## WHAT IS REQUIRED
Give back, word for word, the lines in the listing below from the one holding "722933 Adina 70-inch" down to the one holding "Generico Tazza Di", both ends included.
** Opening DATASET EXTRACT block **
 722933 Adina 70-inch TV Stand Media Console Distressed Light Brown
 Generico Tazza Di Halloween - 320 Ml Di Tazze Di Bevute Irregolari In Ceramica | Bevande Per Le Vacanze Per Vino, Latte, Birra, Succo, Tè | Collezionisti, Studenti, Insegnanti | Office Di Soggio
** Closing DATASET EXTRACT block **
** Opening DATASET EXTRACT block **
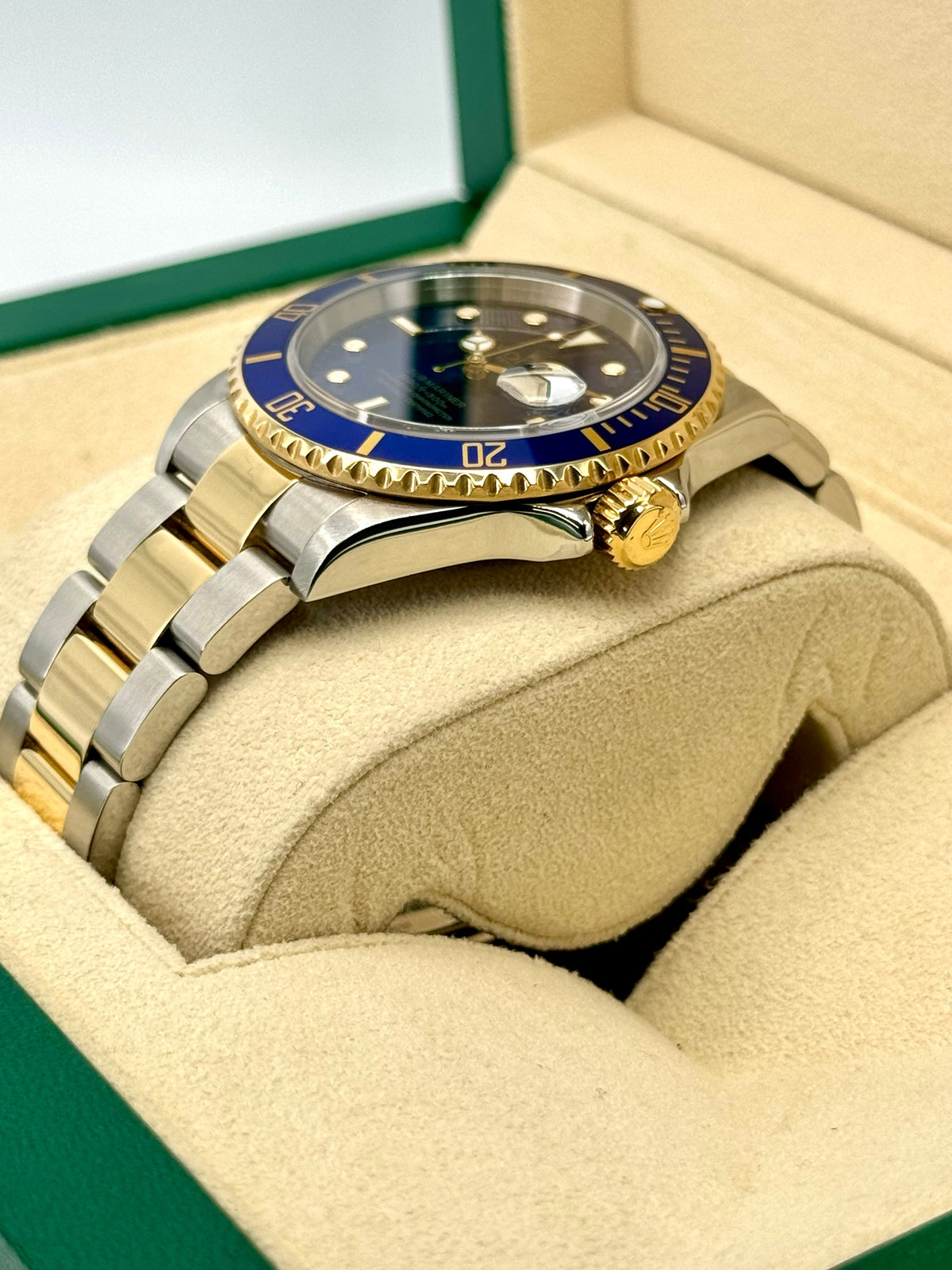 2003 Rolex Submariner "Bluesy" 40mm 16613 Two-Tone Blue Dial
** Closing DATASET EXTRACT block **
** Opening DATASET EXTRACT block **
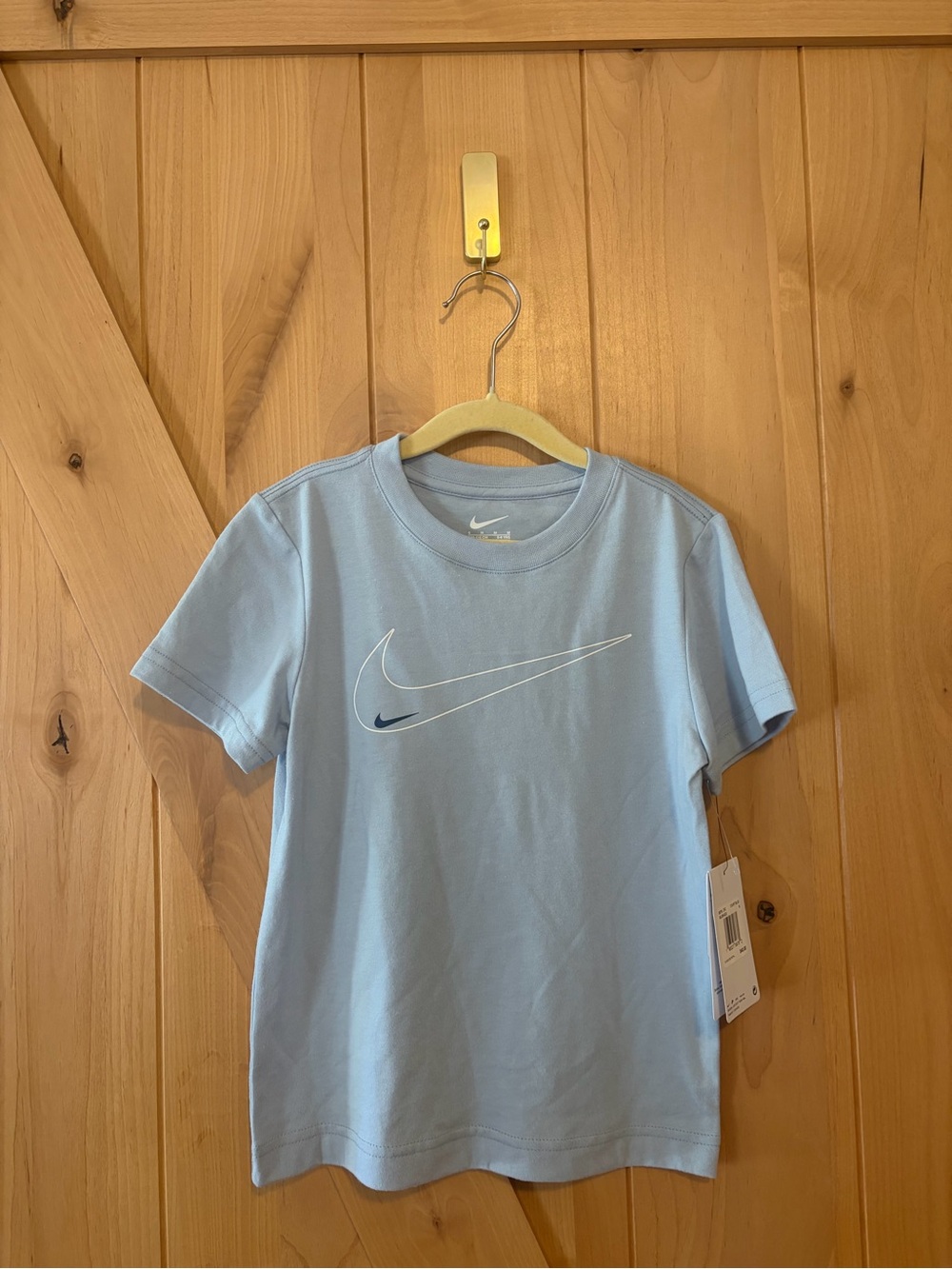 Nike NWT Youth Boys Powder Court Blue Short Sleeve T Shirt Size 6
** Closing DATASET EXTRACT block **
## RESPONSE TO THE EXERCISE
 722933 Adina 70-inch TV Stand Media Console Distressed Light Brown
 Generico Tazza Di Halloween - 320 Ml Di Tazze Di Bevute Irregolari In Ceramica | Bevande Per Le Vacanze Per Vino, Latte, Birra, Succo, Tè | Collezionisti, Studenti, Insegnanti | Office Di Soggio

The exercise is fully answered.